The method returns a structure model, that contains the model parameters and can be used to apply the model to data. In particular, you can evaluate the negative log-likelihood of a data set Xtest using the approximation inferTest using:
>> testNLL = model.nll(model,Xtest,inferTest);
Note that Xtest should not have states that were not included in the training data.
The LLM2_train and LLM2_trainActive functions can also take a third input argument, which gives an initial model structure that is used for warm-starting the optimization. Note that this model structure must have the same set of allowed edges and the same parameterization.
Examples
The function demo_UGMlearn generates a synthetic data set, and uses the code to train log-linear models with different parameterizations and regularization types (assuming exact inference and a fixed value of the regularization strength). The demo_UGMlearn2 function shows how to use the active set method to train the model for a sequence of values of lambda, using the optional third argument to implement warm-starting. The demo_UGMlearn3 function generates a synthetic data set, and uses the code to train log-linear models with different types of approximations to the likelihood.

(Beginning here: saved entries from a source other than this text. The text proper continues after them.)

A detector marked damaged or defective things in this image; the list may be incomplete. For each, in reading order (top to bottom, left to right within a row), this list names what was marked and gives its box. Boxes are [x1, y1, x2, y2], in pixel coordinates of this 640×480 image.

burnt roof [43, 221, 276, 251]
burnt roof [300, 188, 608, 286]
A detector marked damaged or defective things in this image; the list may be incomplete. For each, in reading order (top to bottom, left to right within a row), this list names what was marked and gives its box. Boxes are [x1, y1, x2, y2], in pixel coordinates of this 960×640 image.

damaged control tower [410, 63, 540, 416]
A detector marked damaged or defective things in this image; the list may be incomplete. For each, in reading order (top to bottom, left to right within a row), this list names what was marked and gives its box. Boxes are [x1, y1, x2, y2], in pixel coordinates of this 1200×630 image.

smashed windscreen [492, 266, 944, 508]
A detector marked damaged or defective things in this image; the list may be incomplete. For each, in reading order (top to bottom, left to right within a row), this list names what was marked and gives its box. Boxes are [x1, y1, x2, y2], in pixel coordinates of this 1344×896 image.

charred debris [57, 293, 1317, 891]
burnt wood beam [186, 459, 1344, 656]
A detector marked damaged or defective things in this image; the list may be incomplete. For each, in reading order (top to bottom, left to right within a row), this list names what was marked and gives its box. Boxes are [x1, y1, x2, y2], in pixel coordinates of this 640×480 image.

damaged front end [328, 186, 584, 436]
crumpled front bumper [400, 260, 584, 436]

Gaussian and Conditional Models
Note that this package only includes code for training unconditional discrete pairwise graphical models.

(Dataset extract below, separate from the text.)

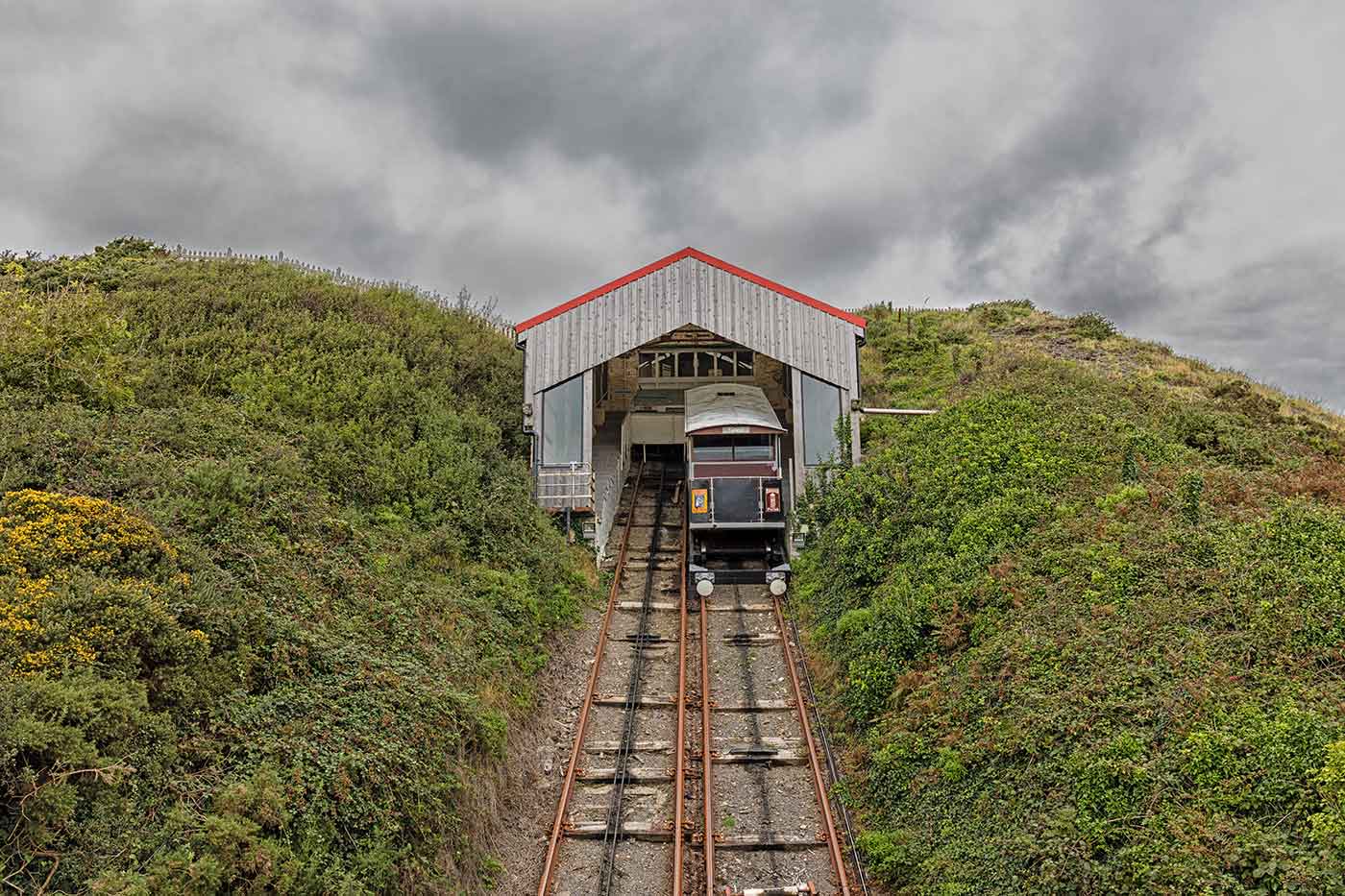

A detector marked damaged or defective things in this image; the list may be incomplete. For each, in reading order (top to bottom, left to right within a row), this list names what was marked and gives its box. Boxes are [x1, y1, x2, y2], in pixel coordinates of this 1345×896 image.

rusty rail [535, 457, 646, 887]
rusty rail [769, 592, 849, 893]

The results on Gaussian data were done using Ewout van den Berg's code from the
PQN paper, while the
CRF results were done using the old version
of UGMlearn.
Chapter 6: LLM
This is a new set of routines for using overlapping group L1-regularization and a hierarchical search strategy for learning hierarchical log-linear models.

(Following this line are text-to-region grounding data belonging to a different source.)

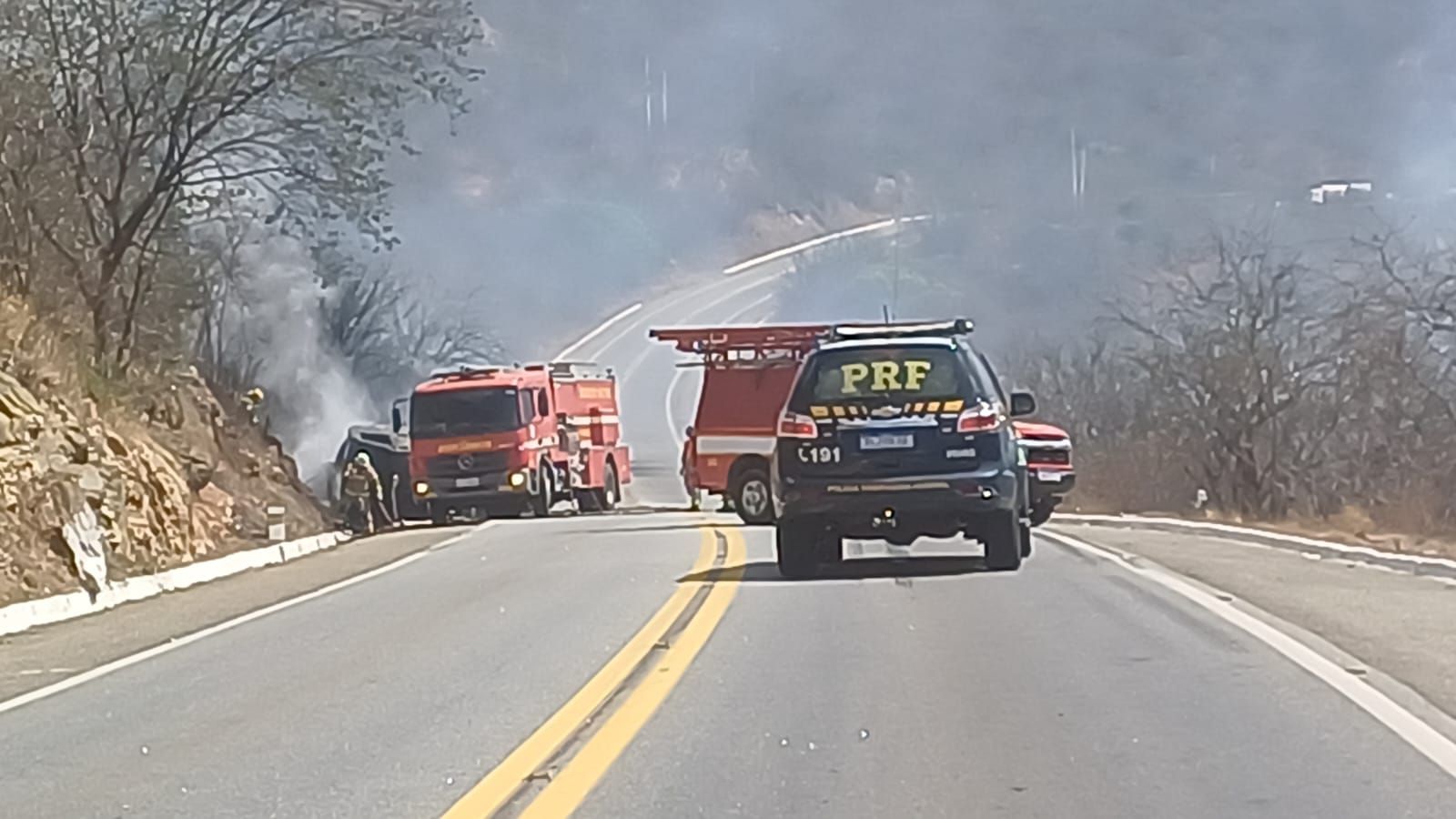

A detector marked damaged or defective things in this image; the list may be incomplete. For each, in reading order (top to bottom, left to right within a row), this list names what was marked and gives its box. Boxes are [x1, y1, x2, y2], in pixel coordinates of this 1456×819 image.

crashed truck [655, 324, 1077, 528]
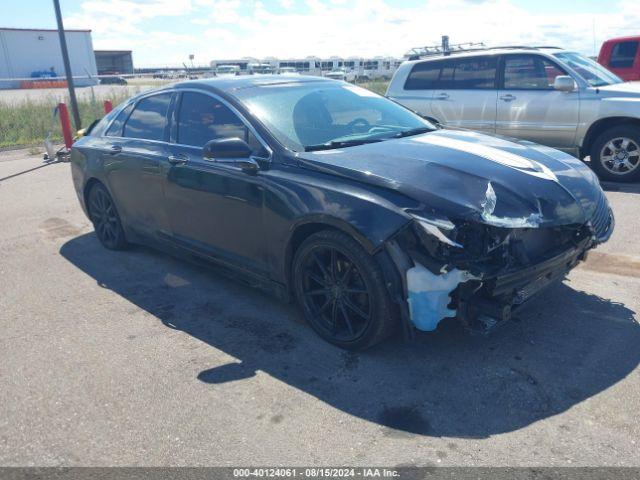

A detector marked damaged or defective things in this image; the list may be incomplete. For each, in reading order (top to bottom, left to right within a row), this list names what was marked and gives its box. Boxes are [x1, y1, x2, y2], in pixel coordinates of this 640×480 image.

cracked asphalt [0, 149, 636, 464]
exposed headlight [412, 215, 462, 249]
crumpled hood [298, 128, 608, 228]
damaged front end [384, 189, 616, 336]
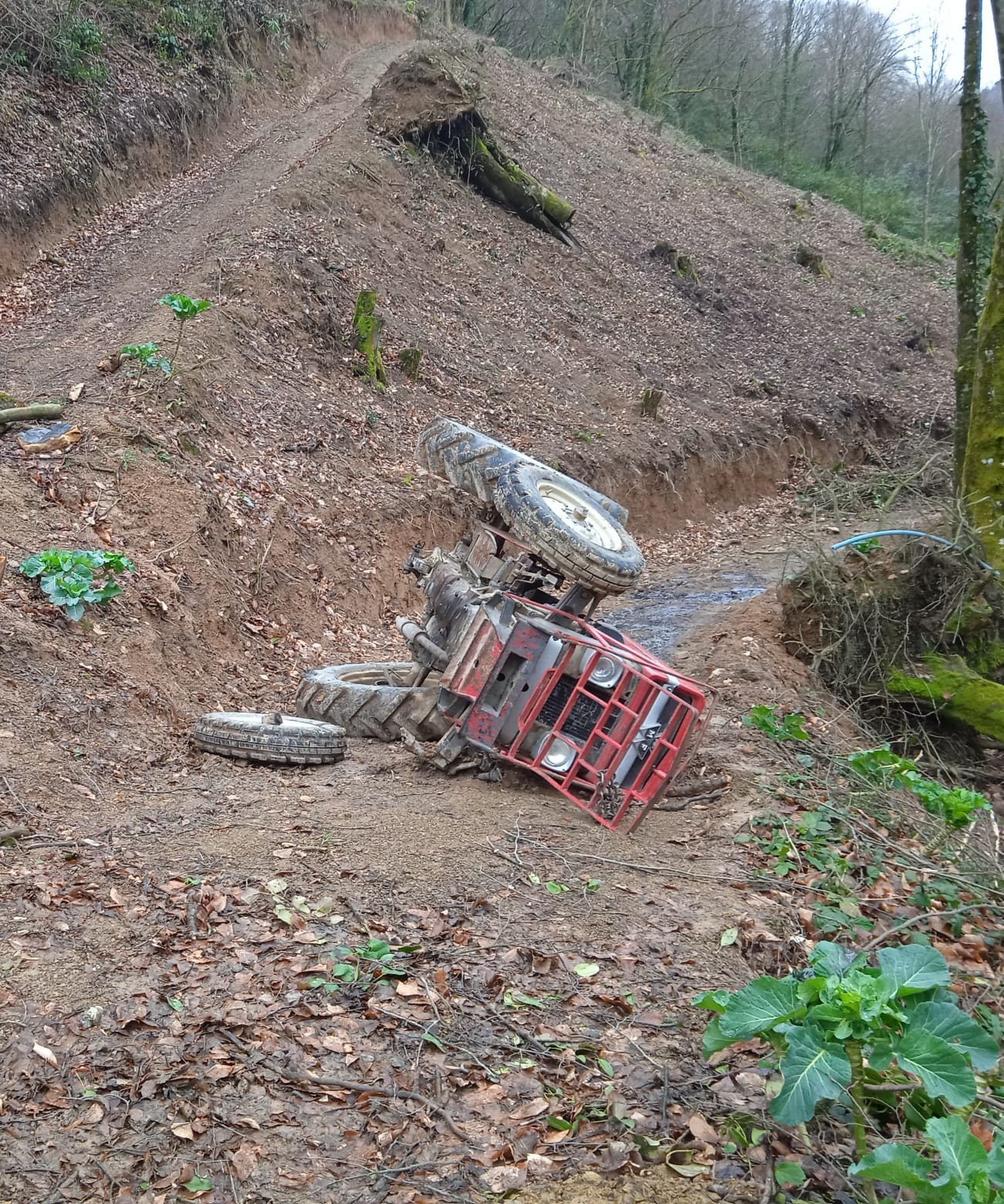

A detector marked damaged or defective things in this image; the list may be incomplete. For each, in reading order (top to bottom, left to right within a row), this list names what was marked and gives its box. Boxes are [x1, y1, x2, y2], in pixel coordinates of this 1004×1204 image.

detached small tire [417, 417, 630, 525]
detached small tire [494, 460, 645, 596]
detached small tire [193, 710, 350, 766]
detached small tire [290, 667, 448, 744]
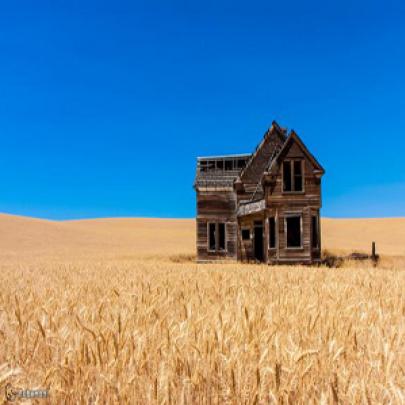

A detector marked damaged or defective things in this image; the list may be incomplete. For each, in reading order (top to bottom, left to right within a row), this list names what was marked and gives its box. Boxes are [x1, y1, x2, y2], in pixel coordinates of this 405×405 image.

broken window [284, 160, 304, 192]
broken window [284, 216, 300, 248]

Clicking on the image below opens the slides from a talk on this method:
The LLM code extends the LLM2 code from Chapter 5 to allow log-linear factors between up to 7 variables at a time, but the coding was done in a really ugly way.
Usage
The usage is almost identical to the LLM2 code above, except that the functions are named LLM_trainFull for training with all potentials up to fixed order, and LLM_trainGrow for using the hierarchical search. The options structure for these functions can take an extra field order, which specifies the maximum order of the factors (this can be between 2 and 7, and the default is 3). Another difference with the LLM2 is that the default regType parameter is set to 'H', corresponding to the hierarchical group L1-regularization. A third difference with the LLM2 code is that you can not specify the set of allowed edges, right now the code considers all possible edges up to the given order. Finally, note that the LLM code only allows the options 'exact' and 'pseudo' for the infer parameter.
Examples
The function demo_LLM generates a synthetic data set and compares pairwise, threeway, and hierarchical models on the data set. The function demo_LLM2 shows how to use the hierarchical search method to train the model for a sequence of values of lambda, using the optimal third argument for warm-starting.
AIStats 2012: Update to LLM
In our AIStats 2012 paper "On Sparse, Spectral and Other Parameterizations of Binary Probabilistic Models", we discuss a variety of possible parameterizations of log-linear models. On February 3, 2012, I updated the LLM to include all 5 parameterizations discussed in this work (in the case of binary variables). The function demo_LLM3 generates the same synthetic data set used in demo_LLM, and compares different parameterizations (and regularization strategies) for fitting higher-order models using the active-set method. In some cases, parameterizations that are not discussed in the thesis (in particular, the canonical and spectral parameterizations) give better performance or yield much sparser models that achieve the same level of performance.